# New Owner In Florida



## NorrisPC (May 18, 2010)

Hi everyone!

I just bought a 2006 Outback Sydney Edition 30RLS.

I don't have anything to pull it with (yet!!) but I'll be setting it up for an extended stay (sort of a campground host kind of thing) at a beautiful site in Florida. The current occupant of the site is leaving in the next month or two and I'll be moving my camper over there sometime around mid-July. I am really into astronomy, I have several telescopes and I will be set up at a site that is probably about as dark as it gets in Florida. I am also into photography - when I get all set up I will post pictures of the camper and my set-up.

The camper is in beautiful condition, it was a demo, so the fridge and other appliances have never been used, brand spanking new in that sense. I've never owned a camper before but have done lots of tent camping and backpacking and my boyfriend has a 17 foot camper that we camp in regularly during the winter months. Since this is the first camper I've owned myself I will be in need of lots of advice for maintenance etc I am sure!!

I am thinking of getting scissor jacks for stabilizing - does anyone have suggestions on how many and what size to consider getting for the Outback that I have? Thanks in advance for any advice/suggestions on stabilization. Also, any helpful hints and suggestions regarding setting up a camper for a relatively extended stay would be most welcome.

Looking forward to making many new friends here, some day, perhaps we'll meet on the road....

Best Regards,
Patricia


----------



## garywies (Aug 23, 2007)

Congratulations Patricia!
Welcome to your new world of camping and welcome to Outbackers.com. Everyone here is very helpful and friendly so you came to the right place. I wonder how many of us had the trailer before we had the TV?
I had ordered the truck but it was not delivered before my Outback was ready to be picked up.
On your question of scissor jacks I have not made that modification. So far the standard jacks have been just fine for my needs but when I see them used they are on each of the four corners just as the factory jacks are.

Will you set up the trailer and stay full time or drive to the trailer/campsite from time to time?

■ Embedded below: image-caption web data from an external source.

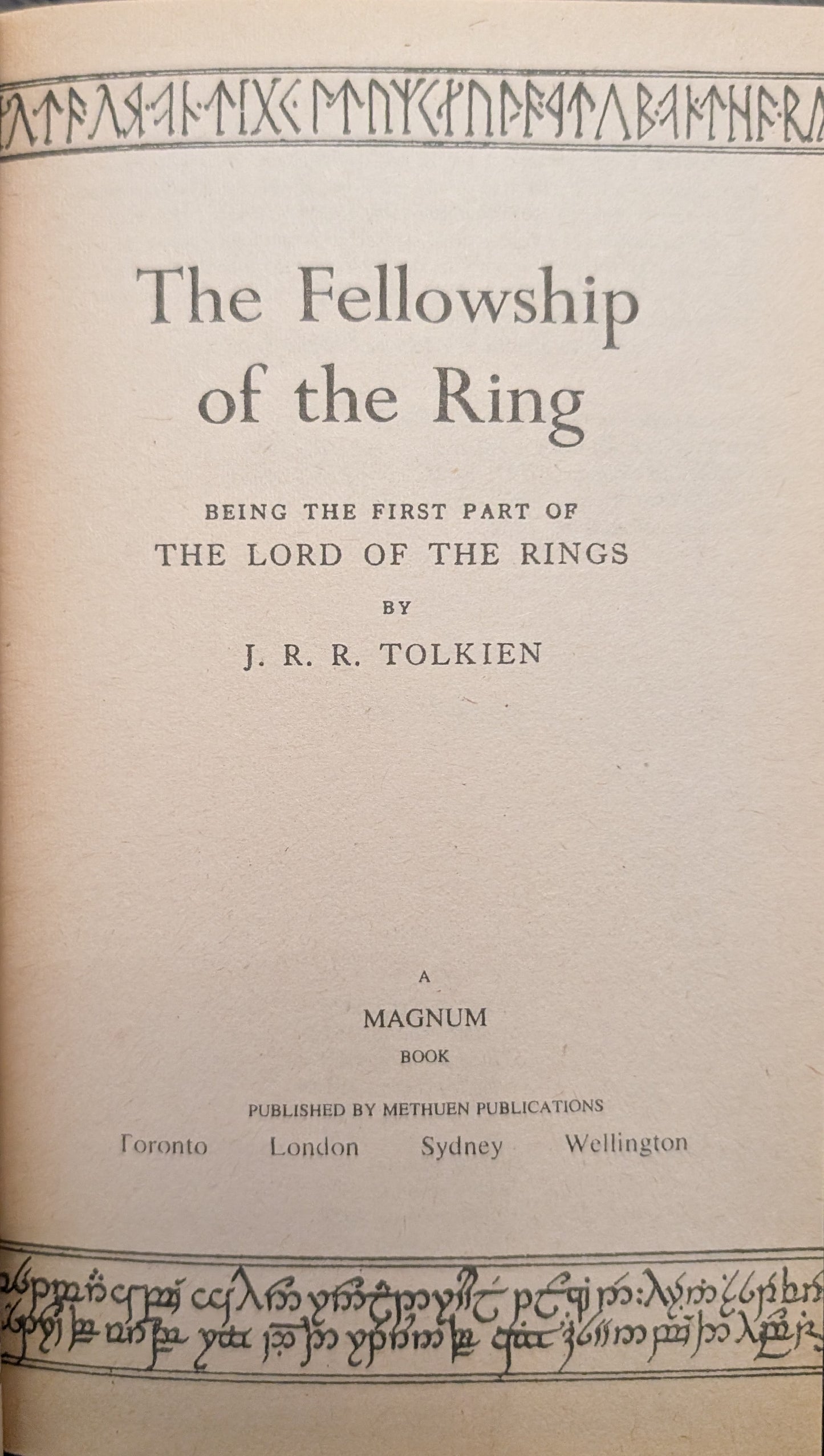 The Fellowship of the Ring by J.R.R Tolkien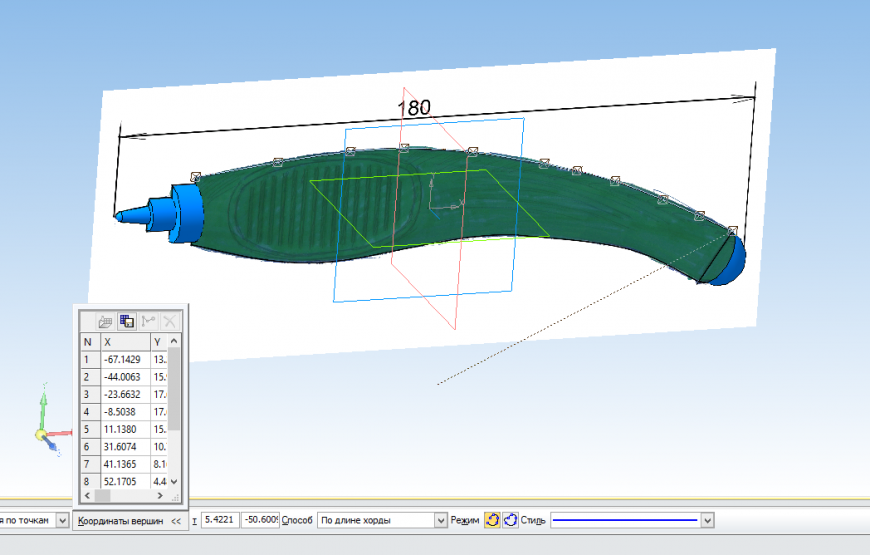 КОМПАС-3D Home для чайников. Основы 3D-проектирования. Часть 14. Эргономичный фломастер.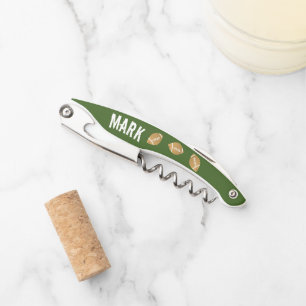 Modern Gradient Football Green Sports Corkscrew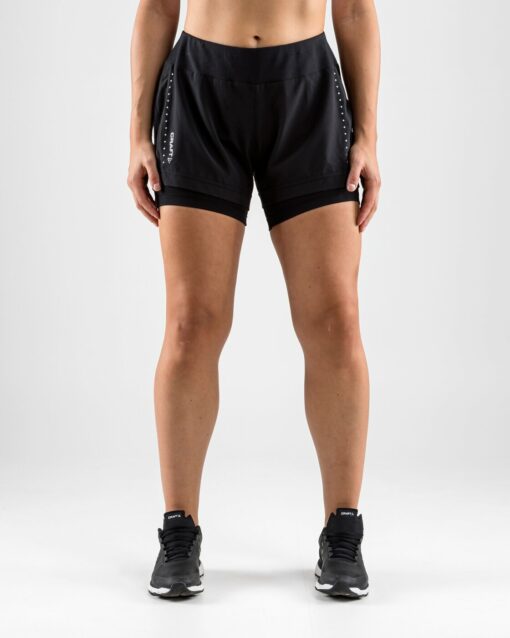 ESSENTIAL 2-IN-1 SHORTS W BLACK – Bild 2
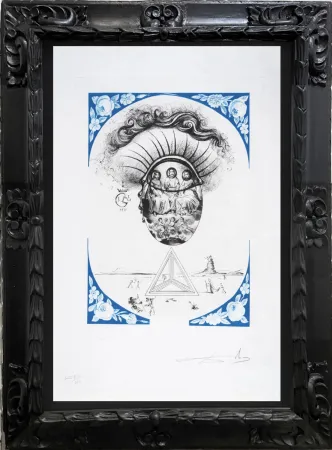 Incisione Dali - Sainte Trinité  Sainte Persistance de la mémoire
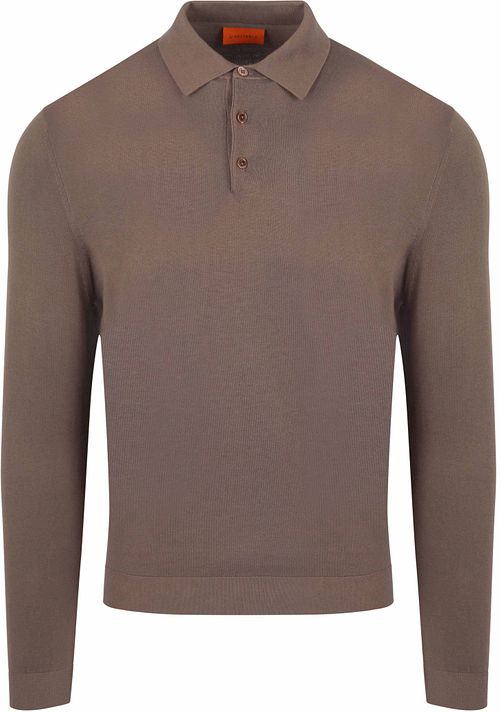 Suitable Compact Cotton Polo Shirt Taupe Product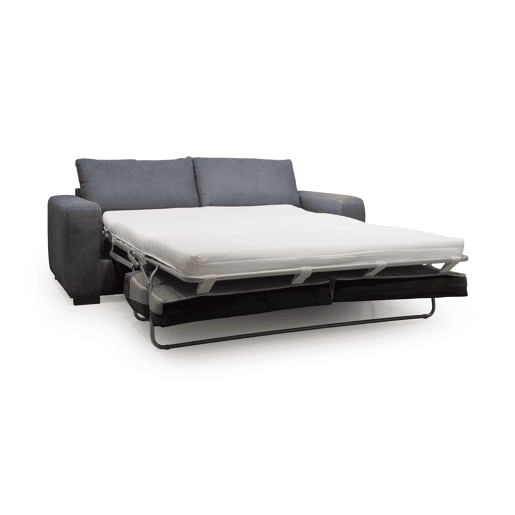 Sofá cama SWEET com abertura italiana 3 lugares cor cinza escuro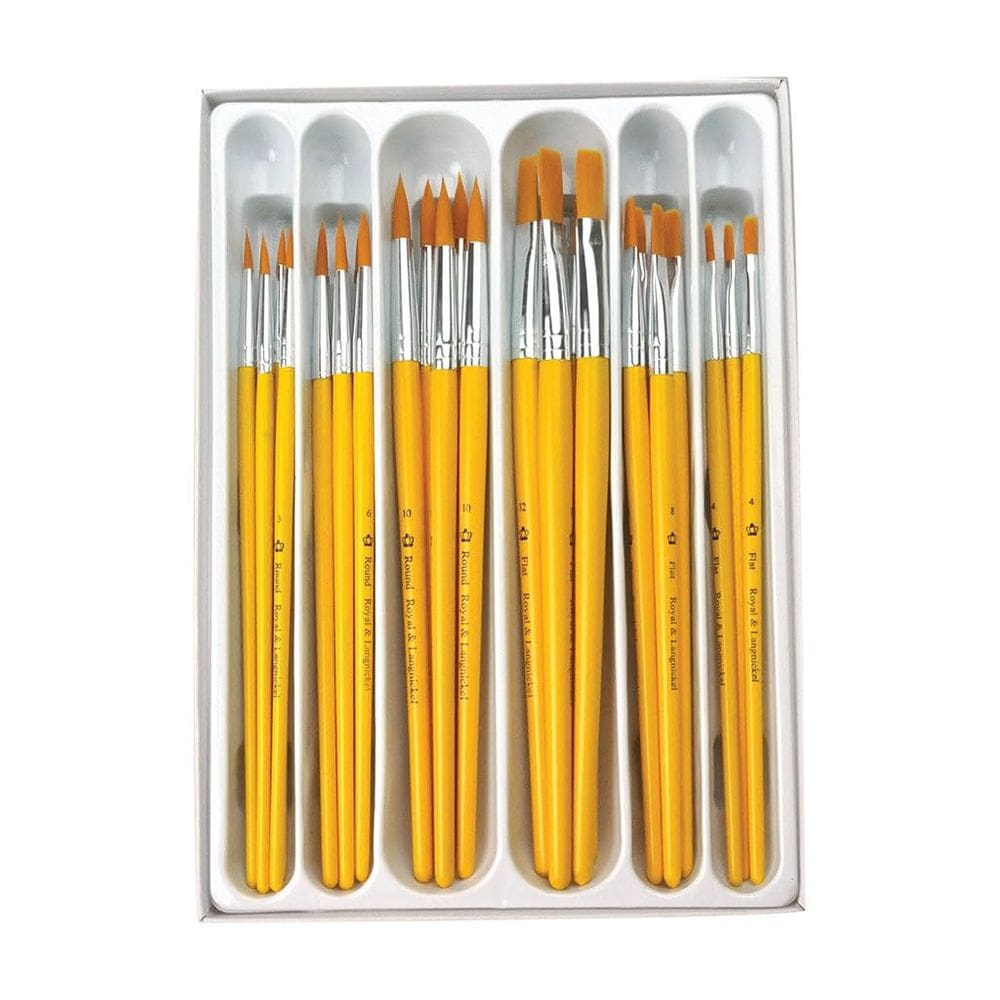 Pincel de pintura Royal & Langnickel Taklon Hair Classroom Pack x30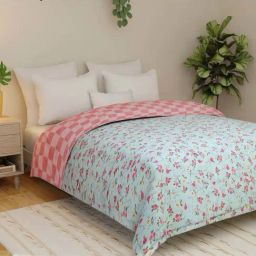 Florida CS-Flyn Green Cotton Blend 180 TC King Size Comforter & Bedsheet with 2 Pillow Covers-image-18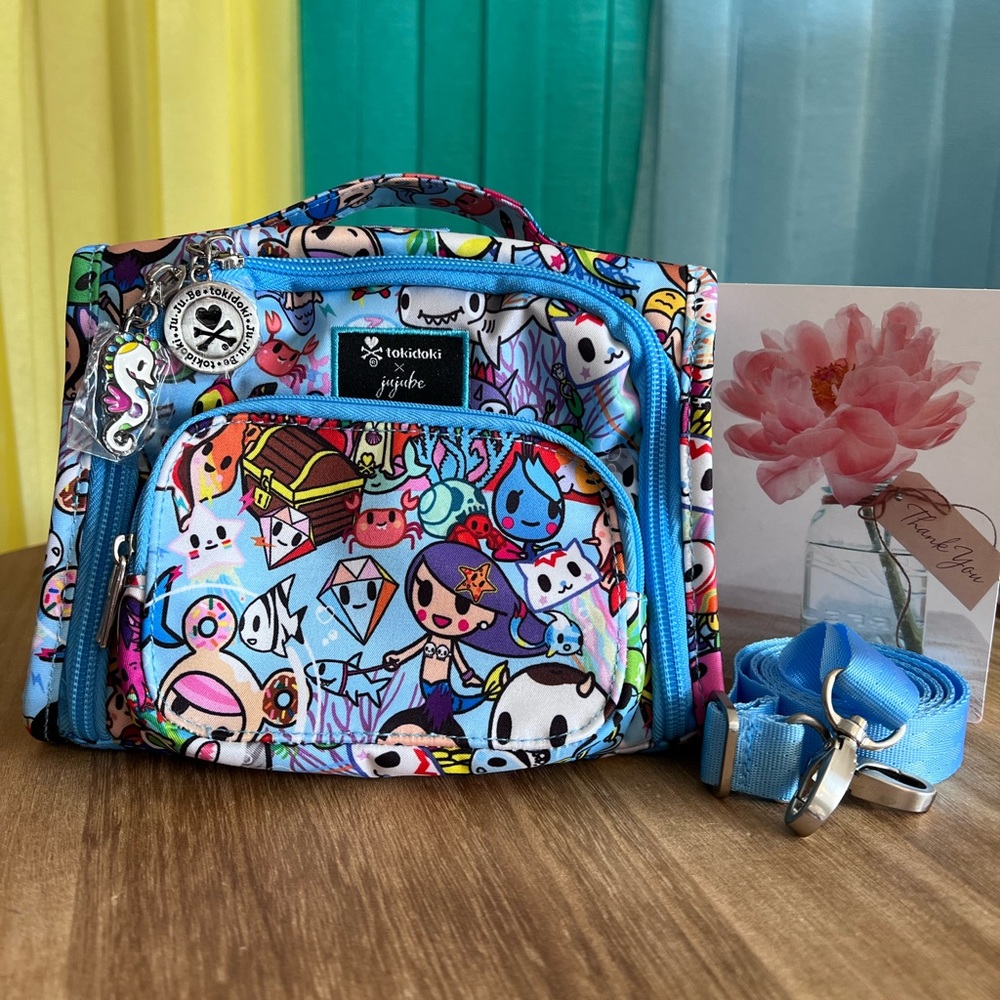JuJuBe x Tokidoki - Sea Amo 2.0, Mini BFF Backpack Crossbody Shoulder Bag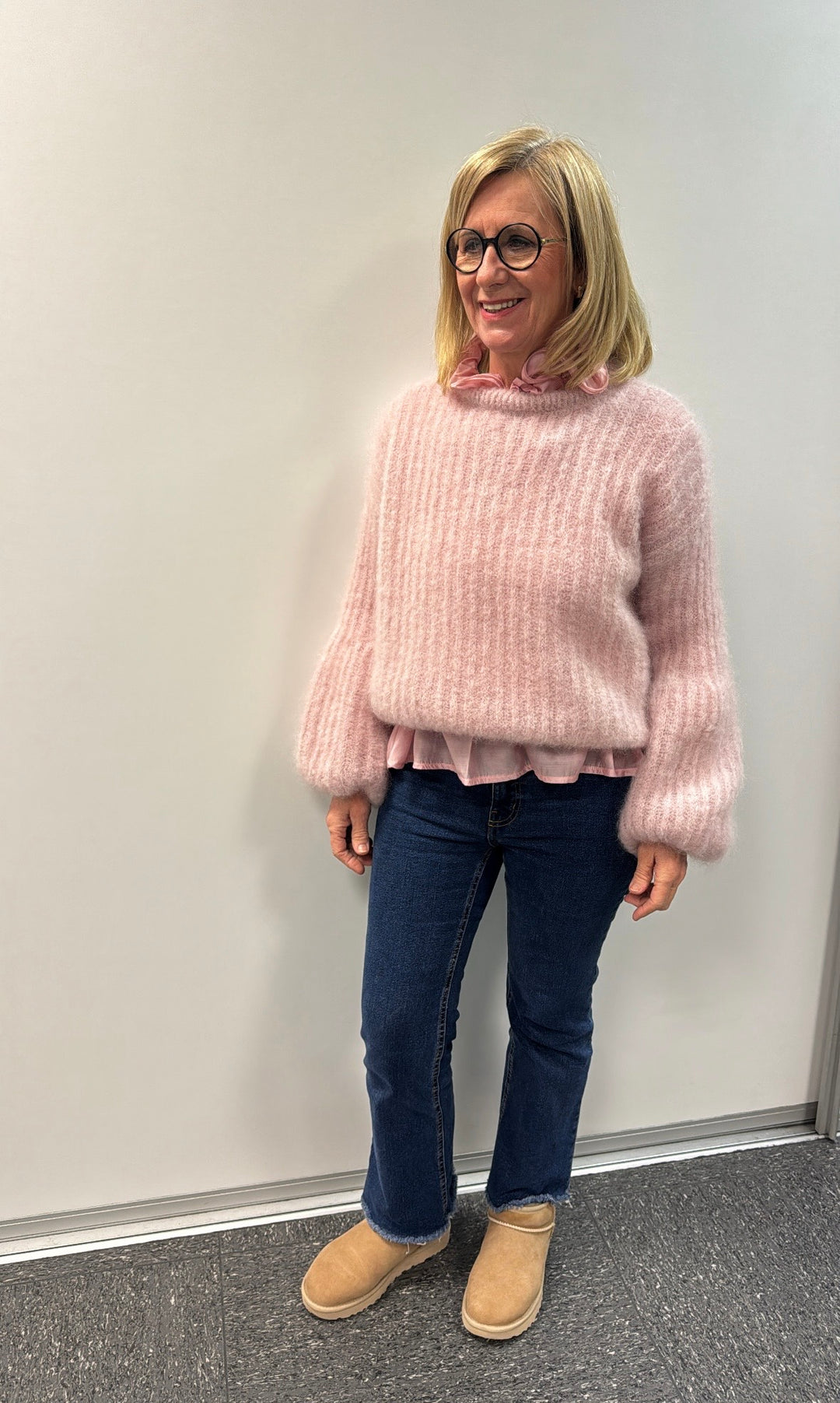 Limited Mohiar-Pullover - Rosa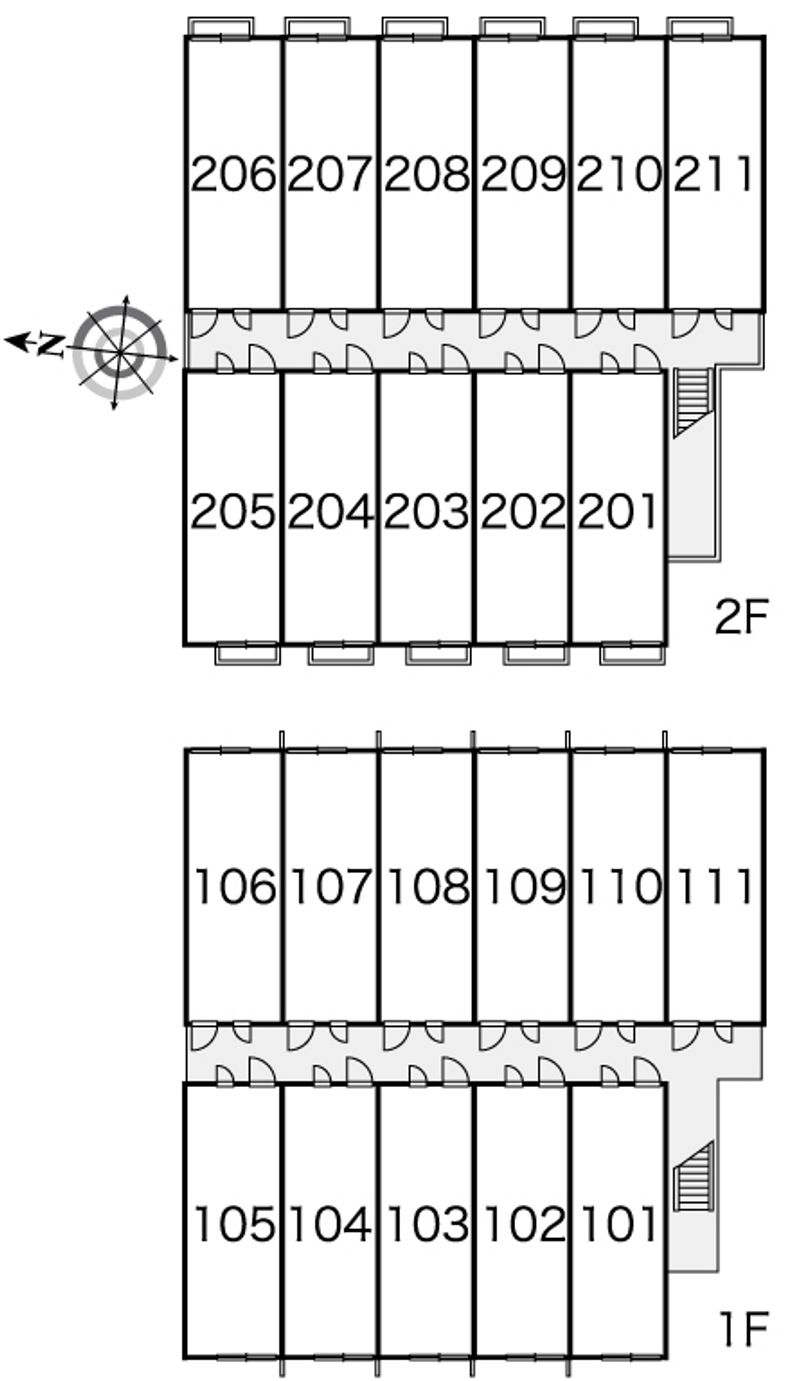 レオパレスプロヴァンス 間取配置図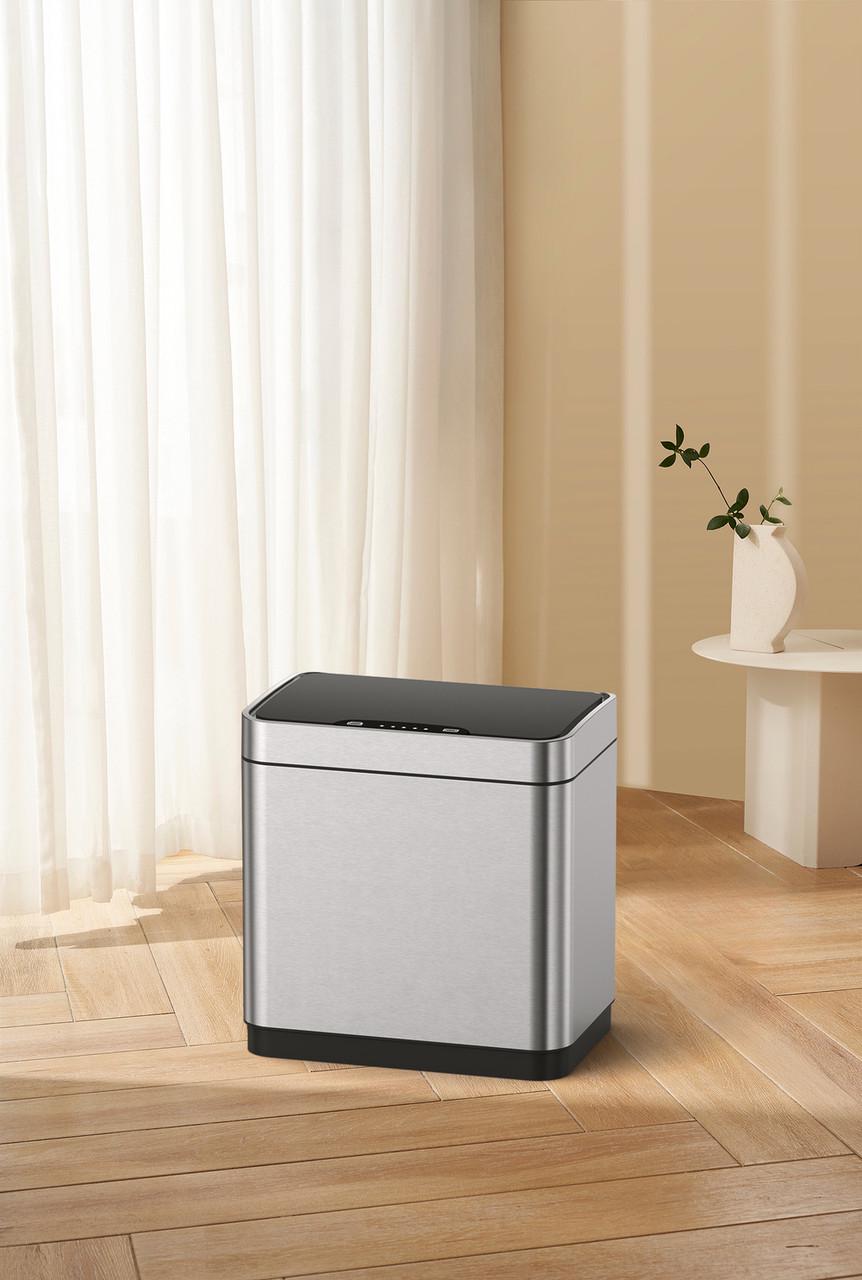 Мусорное ведро сенсорное Koer TC-020312-02 прямоугольное 12 л Нержавеющая сталь (KR5586) - фото 3 Мусорное ведро сенсорное Koer TC-020312-02 прямоугольное 12 л Нержавеющая сталь (KR5586) - фото 3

Is this an improved site with electricity & water connections?
Good luck with you star gazing and post lots of pictures too!
Gary


----------



## CdnOutback (Apr 16, 2010)

Welcome to the wonderful world of outbackers.com. Enjoy the company and I look forward to your pictures.


----------



## mswalt (Sep 14, 2004)

Patricia,

Welcome to Outbackers and congrats on your new trailer.

Please ask any questions you like. There are many on this forum who have all the answers you'll need.

Enjoy.

Mark


----------



## rdvholtwood (Sep 18, 2008)

Welcome to the Outbackers!! and most of all - enjoy that new trailer....









Please share with us some pictures of your 30RLS!!


----------



## jitch388 (Apr 19, 2008)

Welcome, 
You will LOVE your coach and the "home" it will become for you. 
I have scissor jacks on my rig and they are great for stabilization. I don't think they recommend them for leveling, just stabilization. As mswalt stated there are many on this site that know much more than me and will be able to guide you in many of your questions. CamperAndy tends to have some good thoughts.







WooHoo!! Congrats


----------



## NorrisPC (May 18, 2010)

garywies said:


> Congratulations Patricia!
> Welcome to your new world of camping and welcome to Outbackers.com. Everyone here is very helpful and friendly so you came to the right place. I wonder how many of us had the trailer before we had the TV?
> I had ordered the truck but it was not delivered before my Outback was ready to be picked up.
> On your question of scissor jacks I have not made that modification. So far the standard jacks have been just fine for my needs but when I see them used they are on each of the four corners just as the factory jacks are.
> ...


Thanks for your response and also to all the others! Yes, the site has electric, water and sewer hookups. There is a mailbox at the road and a locked gate there as well. You can't see the site from the road, it is set back somewhat from the road and surrounded by a beautiful hammock of trees. There is an existing trail that passes close by but does not connect to any trail where visitors to the park will find their way to my site. Deer and other animals use the trail as well and a barred owl likes to hang out in a large oak tree at the campsite. I have the option of using it on weekends or staying all the time. I am planning to see how I like staying all the time. I'm still working, so I will drive into town to work each day, although it won't be a prohibitively long drive. Right now I'm only about 15 mins away from my office, so I'll have to get used to a 35 - 40 minute drive to work each day. Small price to pay in exchange for living in such beautiful surroundings. I'm currently working on a photo-journal of the place to give to the current tenant as a going-away present - he's been living there for 3 years! I met him because of the work I do for the county as a naturalist - leading guided hikes through the county's various environmental lands sites.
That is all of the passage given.